Your instructions: From the line with "Butterflies in orange" to the line with "GORDON M. FORSYTH", retype every line exactly, including those two, and leave out the rest of the data below.

==== Data extracts

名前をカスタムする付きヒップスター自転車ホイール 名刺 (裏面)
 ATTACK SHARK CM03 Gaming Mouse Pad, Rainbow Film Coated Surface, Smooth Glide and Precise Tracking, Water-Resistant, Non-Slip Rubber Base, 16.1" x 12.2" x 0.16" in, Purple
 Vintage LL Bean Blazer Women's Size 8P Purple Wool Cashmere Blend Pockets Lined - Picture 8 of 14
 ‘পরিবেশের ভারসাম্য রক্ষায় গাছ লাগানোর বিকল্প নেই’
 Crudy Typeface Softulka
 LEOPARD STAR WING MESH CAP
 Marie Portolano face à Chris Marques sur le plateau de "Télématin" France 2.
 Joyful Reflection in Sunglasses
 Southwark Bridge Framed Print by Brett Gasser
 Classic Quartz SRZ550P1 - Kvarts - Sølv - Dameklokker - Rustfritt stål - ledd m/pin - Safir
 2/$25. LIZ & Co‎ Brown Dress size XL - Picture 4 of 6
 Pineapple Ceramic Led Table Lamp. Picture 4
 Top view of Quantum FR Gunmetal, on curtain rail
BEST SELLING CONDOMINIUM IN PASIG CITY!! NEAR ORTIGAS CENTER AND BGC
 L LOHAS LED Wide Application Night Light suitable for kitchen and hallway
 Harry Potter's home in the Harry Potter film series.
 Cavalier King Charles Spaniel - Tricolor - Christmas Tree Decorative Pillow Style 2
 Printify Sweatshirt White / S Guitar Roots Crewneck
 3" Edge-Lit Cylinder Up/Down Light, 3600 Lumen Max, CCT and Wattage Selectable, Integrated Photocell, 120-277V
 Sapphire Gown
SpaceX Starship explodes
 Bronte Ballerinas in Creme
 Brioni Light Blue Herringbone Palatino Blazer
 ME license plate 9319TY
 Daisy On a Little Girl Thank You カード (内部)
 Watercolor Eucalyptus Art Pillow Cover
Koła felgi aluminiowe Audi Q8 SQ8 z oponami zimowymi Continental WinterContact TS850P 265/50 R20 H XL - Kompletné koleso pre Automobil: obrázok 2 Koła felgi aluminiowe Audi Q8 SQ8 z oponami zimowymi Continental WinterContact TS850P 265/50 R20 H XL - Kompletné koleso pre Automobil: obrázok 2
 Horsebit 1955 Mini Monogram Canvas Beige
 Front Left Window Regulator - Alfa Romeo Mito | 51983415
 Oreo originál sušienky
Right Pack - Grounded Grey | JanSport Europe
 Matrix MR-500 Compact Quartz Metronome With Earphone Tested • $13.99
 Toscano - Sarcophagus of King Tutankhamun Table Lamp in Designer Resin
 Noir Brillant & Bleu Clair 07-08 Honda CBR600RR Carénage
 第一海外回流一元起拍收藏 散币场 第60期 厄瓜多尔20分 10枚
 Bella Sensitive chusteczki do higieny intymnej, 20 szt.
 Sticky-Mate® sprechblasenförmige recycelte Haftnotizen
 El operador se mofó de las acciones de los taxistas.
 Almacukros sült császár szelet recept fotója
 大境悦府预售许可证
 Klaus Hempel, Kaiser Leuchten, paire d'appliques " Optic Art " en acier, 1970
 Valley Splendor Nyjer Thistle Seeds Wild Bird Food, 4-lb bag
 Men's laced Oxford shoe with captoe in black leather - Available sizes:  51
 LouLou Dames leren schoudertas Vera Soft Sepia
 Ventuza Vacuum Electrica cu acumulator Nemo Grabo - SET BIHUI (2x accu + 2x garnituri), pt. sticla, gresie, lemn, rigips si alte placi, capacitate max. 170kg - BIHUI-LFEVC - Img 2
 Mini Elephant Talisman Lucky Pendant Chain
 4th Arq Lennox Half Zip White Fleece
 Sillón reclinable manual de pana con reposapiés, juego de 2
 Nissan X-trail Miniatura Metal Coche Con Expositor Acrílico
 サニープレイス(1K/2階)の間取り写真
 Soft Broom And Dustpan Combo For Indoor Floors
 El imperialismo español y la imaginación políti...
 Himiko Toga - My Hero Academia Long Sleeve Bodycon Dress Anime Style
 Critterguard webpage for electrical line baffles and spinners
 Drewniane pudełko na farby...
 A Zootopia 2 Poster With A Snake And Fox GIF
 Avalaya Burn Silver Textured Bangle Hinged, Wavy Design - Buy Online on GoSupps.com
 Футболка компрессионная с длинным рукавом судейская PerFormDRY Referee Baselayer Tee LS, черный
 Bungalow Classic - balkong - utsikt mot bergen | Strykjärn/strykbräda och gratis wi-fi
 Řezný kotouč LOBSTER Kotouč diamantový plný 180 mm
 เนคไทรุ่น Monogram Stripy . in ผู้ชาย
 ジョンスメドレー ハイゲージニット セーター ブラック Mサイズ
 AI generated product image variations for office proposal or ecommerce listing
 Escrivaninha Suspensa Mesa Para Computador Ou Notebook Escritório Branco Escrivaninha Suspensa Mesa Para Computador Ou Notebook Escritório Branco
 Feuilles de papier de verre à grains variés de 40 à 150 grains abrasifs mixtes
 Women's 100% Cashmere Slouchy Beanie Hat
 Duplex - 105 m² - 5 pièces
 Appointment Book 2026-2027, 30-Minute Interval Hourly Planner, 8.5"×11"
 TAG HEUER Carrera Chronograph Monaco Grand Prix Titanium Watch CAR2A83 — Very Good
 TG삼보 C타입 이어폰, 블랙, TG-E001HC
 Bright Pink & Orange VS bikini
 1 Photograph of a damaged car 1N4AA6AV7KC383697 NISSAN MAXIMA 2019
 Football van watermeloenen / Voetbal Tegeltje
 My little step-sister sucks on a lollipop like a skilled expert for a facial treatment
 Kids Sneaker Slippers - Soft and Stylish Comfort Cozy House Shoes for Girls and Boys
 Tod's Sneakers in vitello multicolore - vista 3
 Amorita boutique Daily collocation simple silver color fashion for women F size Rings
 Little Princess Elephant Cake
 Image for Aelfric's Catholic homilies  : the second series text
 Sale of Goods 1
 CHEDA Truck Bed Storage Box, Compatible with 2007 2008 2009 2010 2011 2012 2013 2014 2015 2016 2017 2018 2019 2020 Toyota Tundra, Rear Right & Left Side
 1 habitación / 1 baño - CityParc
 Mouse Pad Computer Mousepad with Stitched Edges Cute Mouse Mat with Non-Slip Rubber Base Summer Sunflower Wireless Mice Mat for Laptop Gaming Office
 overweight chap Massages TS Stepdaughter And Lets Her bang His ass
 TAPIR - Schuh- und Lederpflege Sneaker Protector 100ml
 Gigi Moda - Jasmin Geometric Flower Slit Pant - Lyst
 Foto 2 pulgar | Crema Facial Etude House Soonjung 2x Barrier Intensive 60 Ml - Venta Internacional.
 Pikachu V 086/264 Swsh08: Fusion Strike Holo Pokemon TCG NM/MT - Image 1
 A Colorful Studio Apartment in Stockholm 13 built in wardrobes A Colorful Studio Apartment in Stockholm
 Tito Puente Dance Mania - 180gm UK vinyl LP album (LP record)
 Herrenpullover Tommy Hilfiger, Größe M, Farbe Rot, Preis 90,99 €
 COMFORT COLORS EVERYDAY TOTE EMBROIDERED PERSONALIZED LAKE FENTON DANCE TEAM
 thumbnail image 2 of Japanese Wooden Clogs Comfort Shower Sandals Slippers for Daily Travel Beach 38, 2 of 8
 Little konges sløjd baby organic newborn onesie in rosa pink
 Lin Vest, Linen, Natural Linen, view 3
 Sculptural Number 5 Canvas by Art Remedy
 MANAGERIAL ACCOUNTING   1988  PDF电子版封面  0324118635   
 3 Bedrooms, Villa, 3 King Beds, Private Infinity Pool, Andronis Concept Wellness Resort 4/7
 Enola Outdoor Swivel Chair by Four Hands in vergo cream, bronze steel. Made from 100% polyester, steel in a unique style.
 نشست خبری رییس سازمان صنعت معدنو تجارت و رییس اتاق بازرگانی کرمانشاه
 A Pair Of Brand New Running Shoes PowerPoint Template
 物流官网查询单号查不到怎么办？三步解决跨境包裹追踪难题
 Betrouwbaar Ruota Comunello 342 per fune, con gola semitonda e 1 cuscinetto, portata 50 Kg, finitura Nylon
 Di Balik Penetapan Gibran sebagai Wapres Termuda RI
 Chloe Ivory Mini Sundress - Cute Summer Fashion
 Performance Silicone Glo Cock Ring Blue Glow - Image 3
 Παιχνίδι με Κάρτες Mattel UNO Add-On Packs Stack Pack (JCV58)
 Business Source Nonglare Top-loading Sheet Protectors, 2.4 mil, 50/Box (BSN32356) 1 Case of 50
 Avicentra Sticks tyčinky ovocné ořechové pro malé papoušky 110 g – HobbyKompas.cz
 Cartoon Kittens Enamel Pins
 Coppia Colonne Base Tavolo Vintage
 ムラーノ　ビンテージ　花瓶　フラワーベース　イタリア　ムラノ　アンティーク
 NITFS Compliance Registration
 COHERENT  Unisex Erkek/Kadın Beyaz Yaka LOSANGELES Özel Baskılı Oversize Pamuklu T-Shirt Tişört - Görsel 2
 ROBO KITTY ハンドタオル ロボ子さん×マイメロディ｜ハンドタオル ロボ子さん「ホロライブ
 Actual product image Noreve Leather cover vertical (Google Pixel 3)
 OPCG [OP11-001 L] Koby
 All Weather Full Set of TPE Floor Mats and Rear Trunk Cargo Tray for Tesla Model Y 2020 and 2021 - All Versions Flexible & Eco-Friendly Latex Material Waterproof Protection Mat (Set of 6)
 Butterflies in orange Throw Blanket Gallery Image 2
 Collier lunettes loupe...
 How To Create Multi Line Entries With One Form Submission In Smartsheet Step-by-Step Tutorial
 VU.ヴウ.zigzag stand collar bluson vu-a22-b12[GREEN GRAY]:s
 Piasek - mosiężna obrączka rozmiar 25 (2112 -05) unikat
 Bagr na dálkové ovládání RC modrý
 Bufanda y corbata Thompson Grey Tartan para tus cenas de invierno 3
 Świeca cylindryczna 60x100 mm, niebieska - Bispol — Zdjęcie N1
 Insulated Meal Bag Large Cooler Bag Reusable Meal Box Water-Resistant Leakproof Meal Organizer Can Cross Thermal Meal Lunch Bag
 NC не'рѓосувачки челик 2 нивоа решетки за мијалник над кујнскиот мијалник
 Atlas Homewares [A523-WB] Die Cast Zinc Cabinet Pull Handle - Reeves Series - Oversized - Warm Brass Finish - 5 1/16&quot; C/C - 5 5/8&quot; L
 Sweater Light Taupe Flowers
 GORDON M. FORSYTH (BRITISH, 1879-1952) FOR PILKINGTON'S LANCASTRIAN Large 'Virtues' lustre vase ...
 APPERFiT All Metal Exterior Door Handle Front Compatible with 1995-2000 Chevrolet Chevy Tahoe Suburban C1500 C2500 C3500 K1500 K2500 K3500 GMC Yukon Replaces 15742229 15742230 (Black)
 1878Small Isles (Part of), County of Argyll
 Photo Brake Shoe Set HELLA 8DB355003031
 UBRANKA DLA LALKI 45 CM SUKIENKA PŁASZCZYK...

========

Exercise solution:
 Butterflies in orange Throw Blanket Gallery Image 2
 Collier lunettes loupe...
 How To Create Multi Line Entries With One Form Submission In Smartsheet Step-by-Step Tutorial
 VU.ヴウ.zigzag stand collar bluson vu-a22-b12[GREEN GRAY]:s
 Piasek - mosiężna obrączka rozmiar 25 (2112 -05) unikat
 Bagr na dálkové ovládání RC modrý
 Bufanda y corbata Thompson Grey Tartan para tus cenas de invierno 3
 Świeca cylindryczna 60x100 mm, niebieska - Bispol — Zdjęcie N1
 Insulated Meal Bag Large Cooler Bag Reusable Meal Box Water-Resistant Leakproof Meal Organizer Can Cross Thermal Meal Lunch Bag
 NC не'рѓосувачки челик 2 нивоа решетки за мијалник над кујнскиот мијалник
 Atlas Homewares [A523-WB] Die Cast Zinc Cabinet Pull Handle - Reeves Series - Oversized - Warm Brass Finish - 5 1/16&quot; C/C - 5 5/8&quot; L
 Sweater Light Taupe Flowers
 GORDON M. FORSYTH (BRITISH, 1879-1952) FOR PILKINGTON'S LANCASTRIAN Large 'Virtues' lustre vase ...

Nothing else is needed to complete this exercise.